Daily Nambling Notes - Aug. 26, 2002

26 August 2002

Makin' Deals -- Sports Spread, a spread betting firm based in Dublin, said today that it has been awarded a US$20 million contract with Chartwell Technology Inc. to manage the sports betting business of a number of online casinos. According to the Irish Independent, the casinos are "U.S. online casinos," but IGN could not immediately ascertain the names of them,as the Sports Spread managing director was not available to speak. Profits from the endeavor will be split 70-30, with the fixed-odds division of Sports Spread, Supreme Odds, receiving 70 percent and Chartwell receiving 30 percent.

Bit from Asia -- The Home Affairs secretary of Hong Kong, Patrick Ho Chi-ping, is saying that public opinion polls will not be the government's only reference point when it decides whether to legalize soccer betting. Ho said he would try to take the opinions of several different groups before coming to a conclusion, and that polls would not be his only consideration. "We will make reference to overseas experience and listen to views from individual groups, and hope to get to know, in a more in-depth manner, about the cause for their concern," he said, referring to groups that are against legalized soccer betting. During the last four months, the amount of Hong Kong residents who support legalized soccer betting has jumped 11 percent to 66.5 percent.

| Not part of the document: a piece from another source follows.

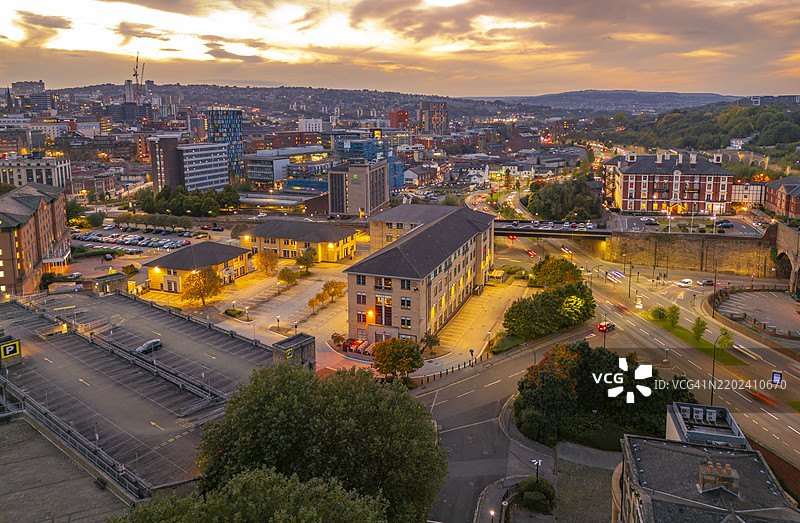 谢菲尔德市天际线的黄昏鸟瞰图，南约克郡，英格兰，联合王国，欧洲图片素材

UK Bit -- The Independent Television Commission is releasing its new advertising standards code next week, and it won't contain a relaxation of rules for gambling advertisements on television. Bookmakers, casinos and other gambling operators are not permitted to advertise on British TV, and the Gambling Review Body had recommended that that rule be changed. However, the ITC has decided against relaxing the rule. The National Lottery, bingo and football pools are the only betting operators allowed to advertise on television.

Quote Worthy -- "When New York went, I said to myself, 'We're done.'" --Thomas A. Grey, executive director of the National Coalition Against Legalized Gambling, in an Aug. 25 story in The Buffalo News about the increase in state legislatures considering legalizing gambling to fill budget gaps.